MCA can have more time for policy formulation
The NCLT ruling in November was called by many as counterproductive as it would have required the MCA to keep track of thousands of IBC cases without it being a party to the case, thereby cutting down on its time for the formulation of new policies. With the NCLAT quashing the tribunal’s order, it is likely to send a signal to adjudicating authorities to stick to the rule book in case of IBC cases, experts said.
In its response, MCA officials had initially said that the NCLT order would increase the workload of the Ministry. Later, the MCA had moved the NCLAT challenging the jurisdiction of the lower tribunal and said that “rule making power” was the exclusive domain of the Centre and thus the same could be done only by the Parliament.

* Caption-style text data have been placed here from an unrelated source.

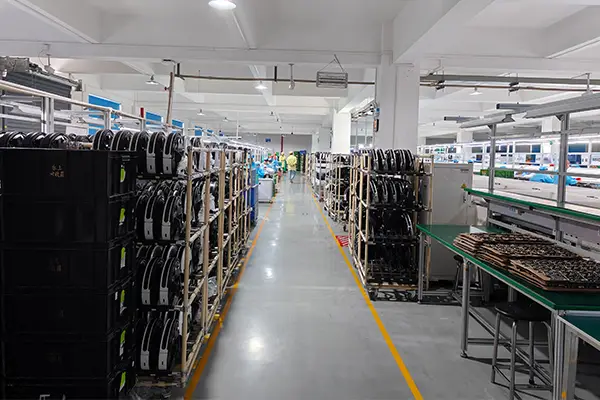 Staged robot vacuum hosts on factory racks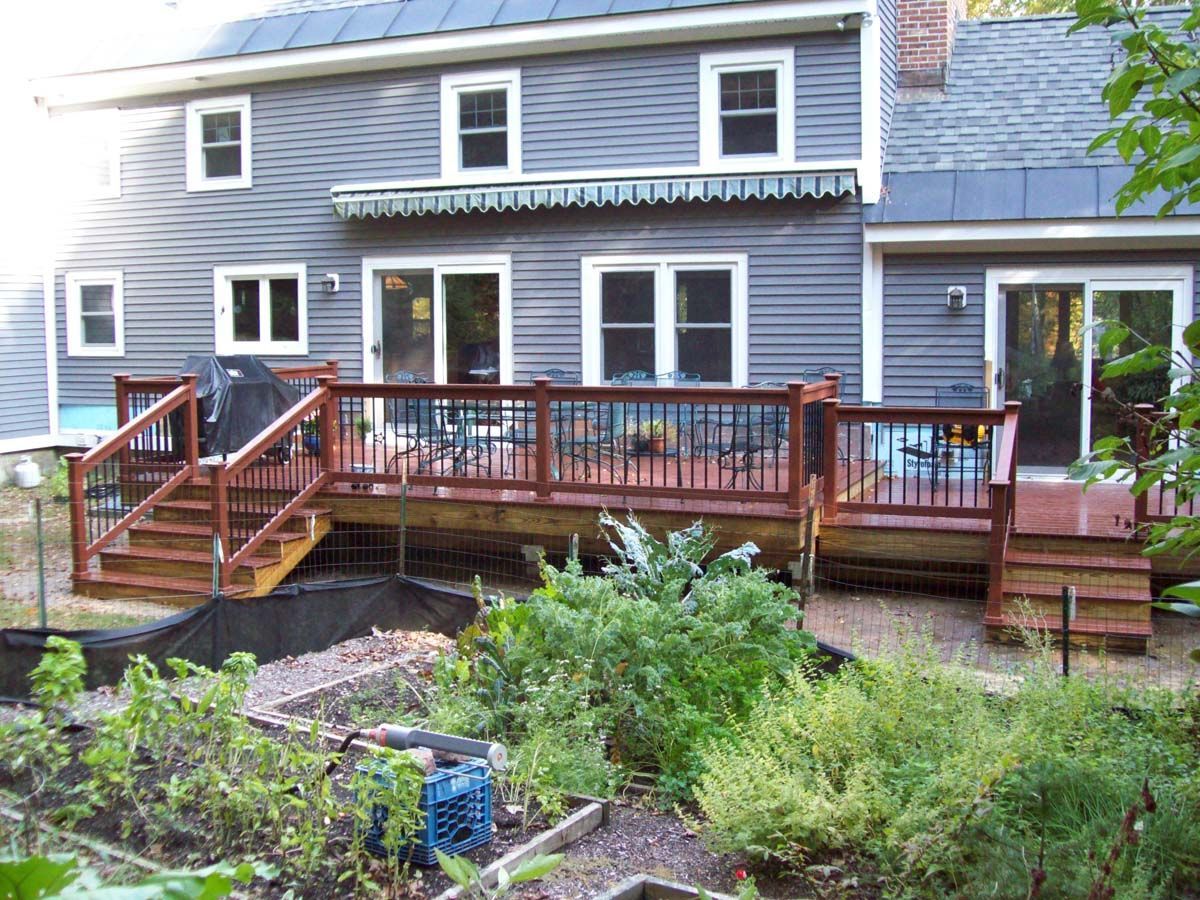 Wooden deck with railing attached to a gray house, overlooking a garden with plants and flower beds.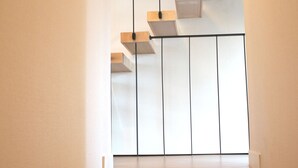 A modern staircase with wooden steps and a metal railing. - JejuSorang (Jeju City)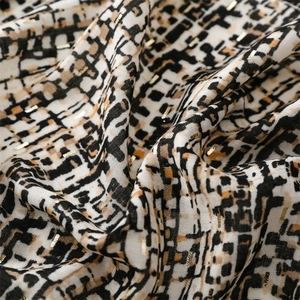 Detail of woven fabric with gold metallic threads and black geometric patterns on white base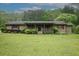 Charming single-story home with a covered front porch and well-maintained landscaping at 24 Autry Road, Auburn, GA 30011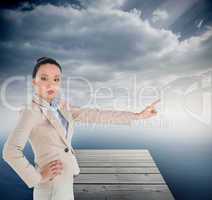 Composite image of unsmiling asian businesswoman pointing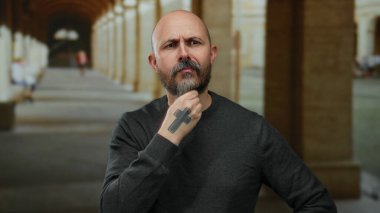 Dövmeli kel bir adam. Üniversite koridorunda el yordamıyla düşünüyor. Düşünceli bir yüz ifadesi ve arka planda kemerleri olan sakalı var..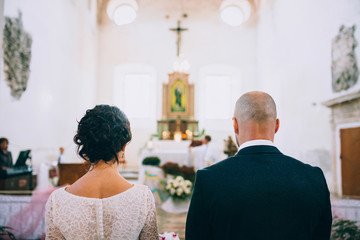 Newlyweds in front of the altar during the wedding ceremony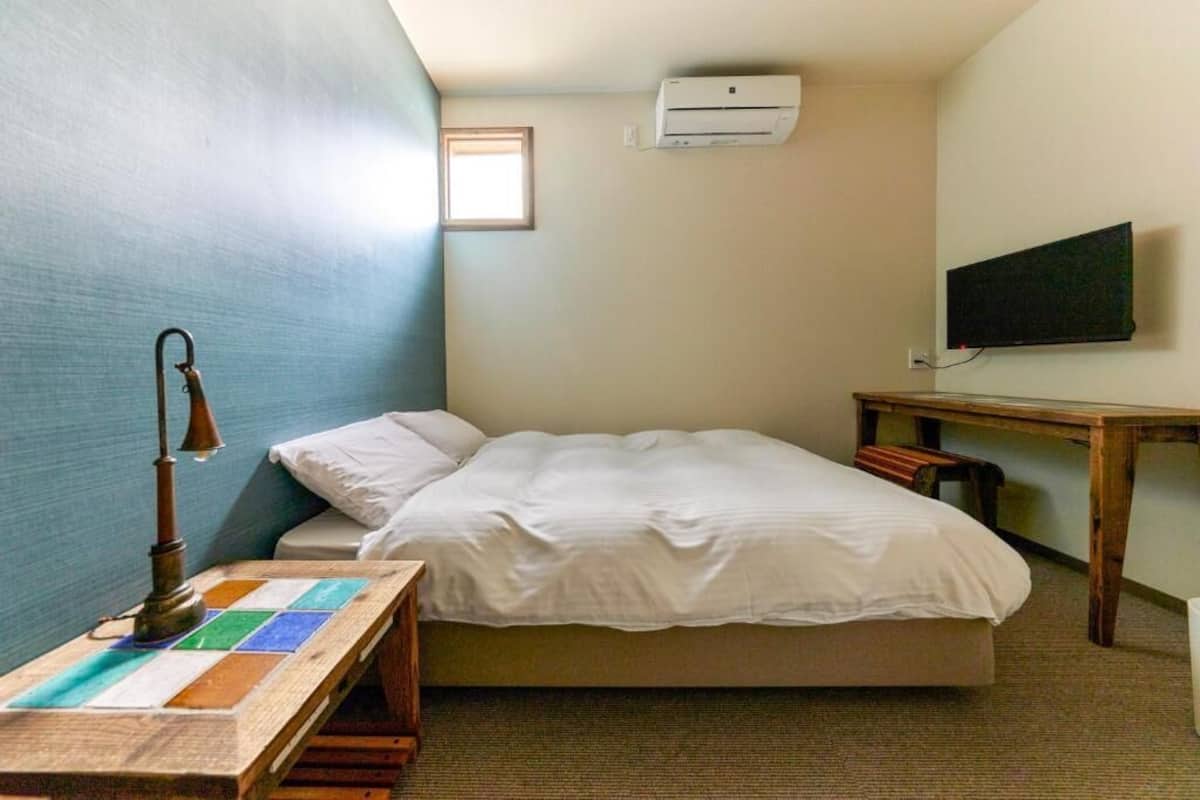 A small, single-bed room with a desk, a wall-mounted TV, and an air conditioning unit.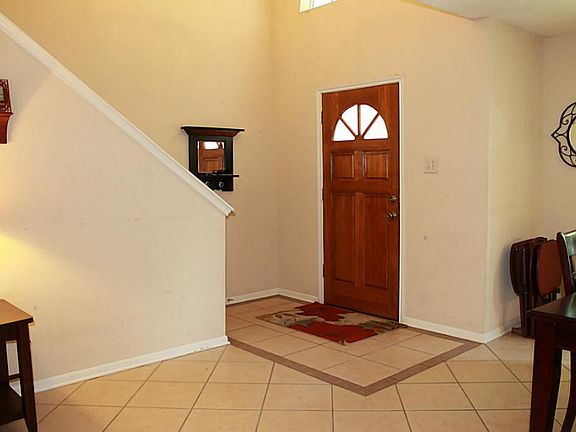 The entry greets you with easy care tile that runs through much of the ground floor.
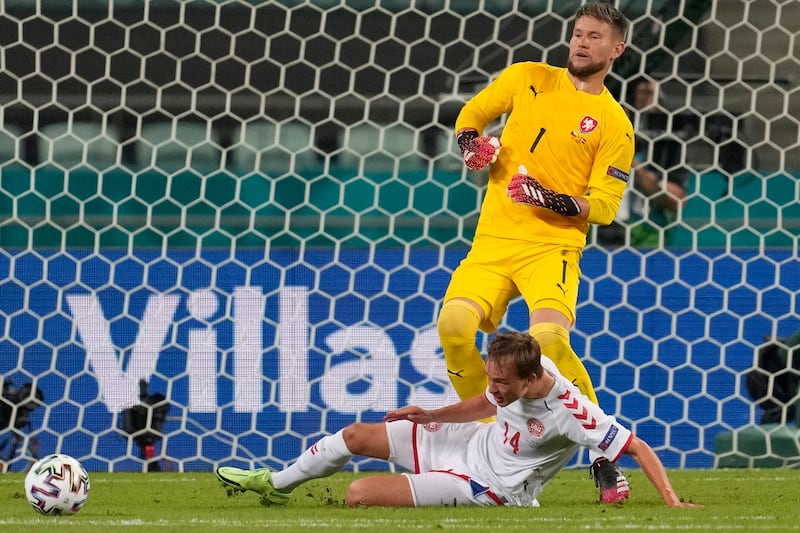 Czech Republic's goalkeeper Tomas Vaclik fights for the ball with Denmark's forward Mikkel Damsgaard.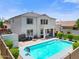 Beautiful backyard showcasing a refreshing pool, outdoor seating, fire pit, and covered patio at 2466 E Harrison Ct, Gilbert, AZ 85295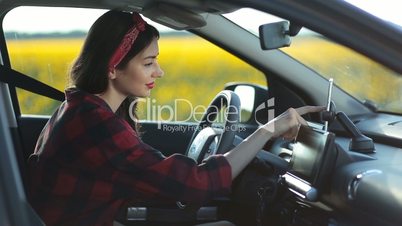 Woman using navigation app on smartphone in car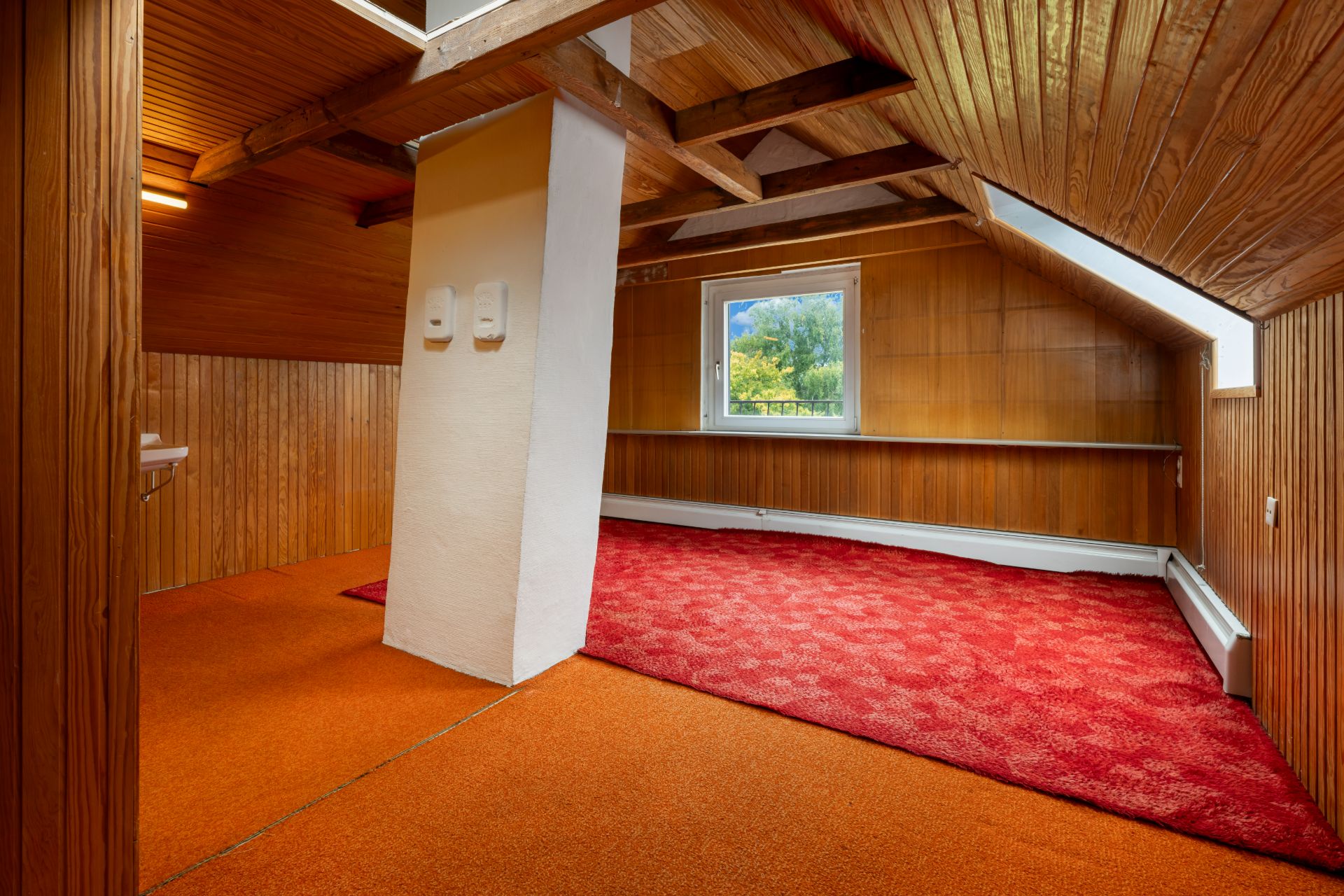 Dachgeschosszimmer mit Holzverkleidung, rotem Teppich und Fenster mit Blick nach draußen.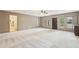 Bright living room featuring natural lighting, neutral carpet, and an open floor plan at 11540 Northgate Way, Roswell, GA 30075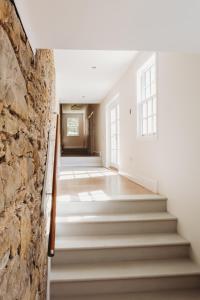 a hallway with stairs and a stone wall at Orchard Cottage in St. Andrews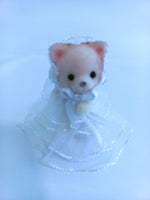 Baby sylvanian figurine.Baby girl dress all in white,with three layers of organza lace.A cute all white matching bonnet.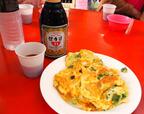 【台湾食べ歩きの旅 #11】廟脇の朝市の一角に円卓が置かれ、卵焼きと保力達（パオリータ）が並んでいる。養命酒をもっと甘く濃くしたような栄養ドリンク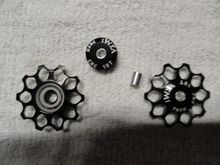 New  pulley wheels honeycomb design. Black paint with white printed logos.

“Adjudicating Authority before passing the impugned order ought to have issued notice to the Union of India, since the subject matter in issue concerns about the imposition of a new rule, which the said authority has no power to make especially its direction to implead,” the NCLAT order noted.
Last November, the NCLT had also asked the MCA to update the master list containing the data of companies undergoing insolvency or liquidation, so as to keep the “public at large” informed about the status of the company.
After the nudge from NCLT, the MCA had said that it had initiated the process of updating the master data of companies undergoing corporate insolvency or facing liquidation under IBC.
The MCA had then also said that it had started working on a framework that would enable the interim resolution professional (IRP) or resolution professional (RP) of a company to upload necessary regulatory filings for compliance with the Companies Act.